If the mains cable is 2-core+earth, then coiling it will introduce a choke on the earth wire, effectively raising the impedance to earth. This seems to tie in with your experience re the heatsink earthing.
Presumably the laptop supply (DC output) is floating, not earthed?
 
Presumably the laptop supply (DC output) is floating, not earthed?
Thanks, i am not sure if its earthed within the laptop power supply case, i'll check. I doubt its earthed , but i'll check on monday.
If the mains cable is 2-core+earth, then coiling it will introduce a choke on the earth wire, effectively raising the impedance to earth.

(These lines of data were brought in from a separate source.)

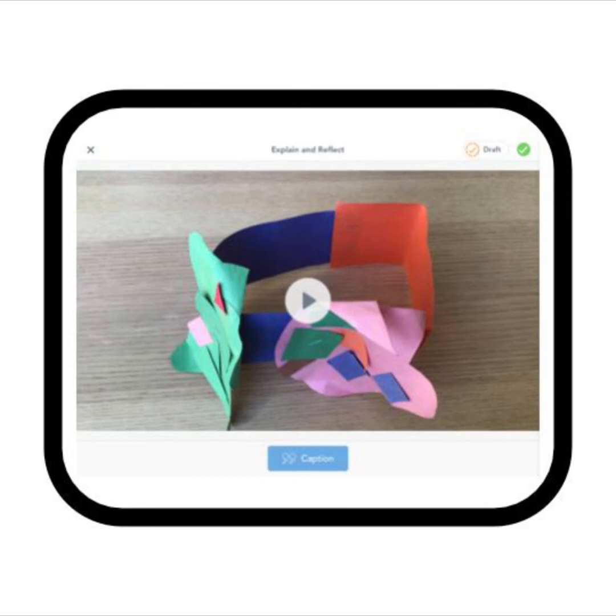Great work! Our video is ready. Now we can add a caption to our video, letting people know what it is about. You can tap the caption button down here to type in your caption. I am going to call this My Art Project. If you want to caption your video, tap the caption button now.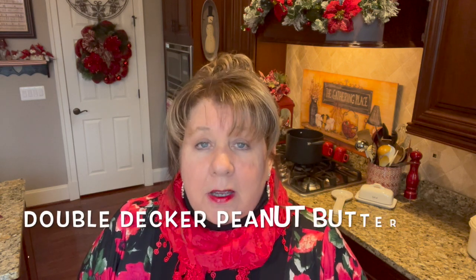Welcome back to my Country Craft Corner! How are you guys doing today? It is so good to see you again. Thank you so much for stopping by. Today I'm going to be making my double-decker fudge — and this fudge tastes just like a Reese's cup when it's finished, only better. And that's saying something because Reese's cups are some of my favorite things.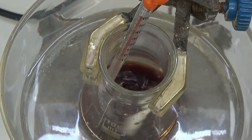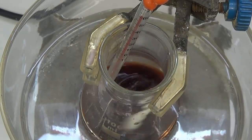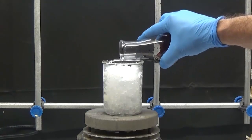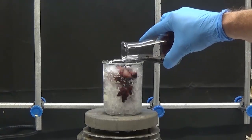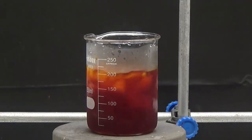Once all the isonitrosoacetanilide has been added, stir for 20 minutes and pour over 150 g of ice with heavy stirring. Wash the flask two times with a small amount of water. Stir for 30 minutes until an orange precipitate appears.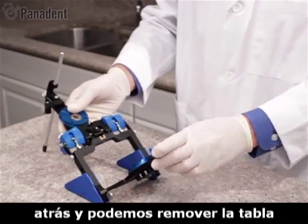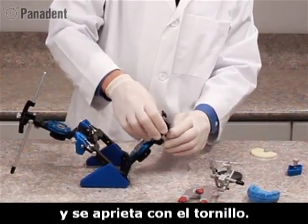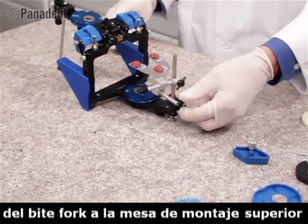We swing this back and remove the incisal table, replacing it with the mounting fixture which slides into place and tightens with the screw. We can now add our bifork assembly to the mounting fixture and tighten it into place.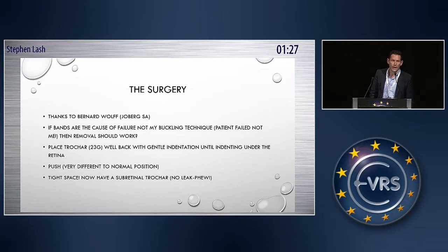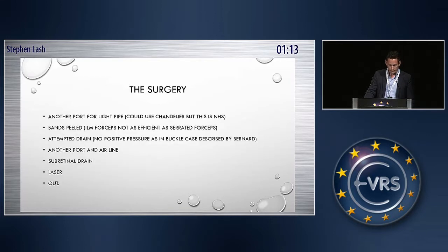So I placed the trocar well back under the retina. Thank goodness it didn't leak — we have the Alcon ports, which are a bit leaky. It feels a bit different to putting a trocar in the normal position, and then once you're under the retina, you can peel. We do have chandeliers in the NHS, but they're expensive, so we're not allowed to use them. So I just used a normal light pipe, and I had to make some modifications, because Bernard does it with a buckle, and therefore when he's draining subretinal fluid he can exert pressure, whereas I found when I tried to drain, it was not draining. So I made another port for a light pipe.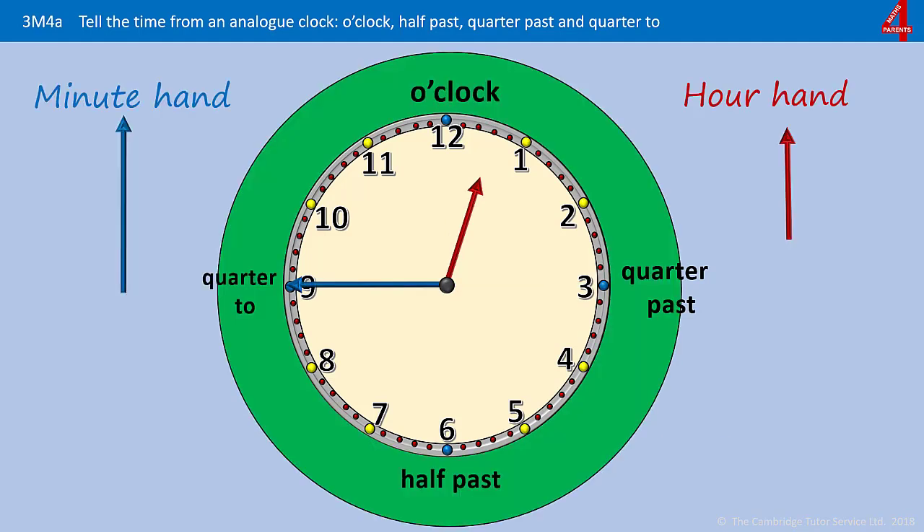Now just to look at some of the quarter tos, because they're a little more difficult. Here the minute hand is pointing to show that there's a quarter of an hour before it gets to the full hour. So it's a quarter to — this time look at where the hour hand is going to. It's left the twelve and it's coming up to the one, so the time here is a quarter to one.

This seems to tie in with your experience re the heatsink earthing.
Thanks, this appears to imply that we really need to add Y capacitors and a common mode choke at the mains input to the lamp...that is, because we really need to use long cables in this test. (we are currently in a temporary production facility, and there are no wall sockets near the test bench.)
 
I'd also assume that the customer might use a long mains lead, so you need to design for that.
 
I'd also assume that the customer might use a long mains lead, so you need to design for that.
Thanks, yes indeed, though in this case, the impedance of the mains lead, would , i believe, act in our favour, and prevent the drawing of significant noise pulses from our lamp's input terminals , due to the impedance of the mains cable to the lamp, filtering out such things?
..as you know, we won't have the laptop installed up with the lamp, so we should be OK?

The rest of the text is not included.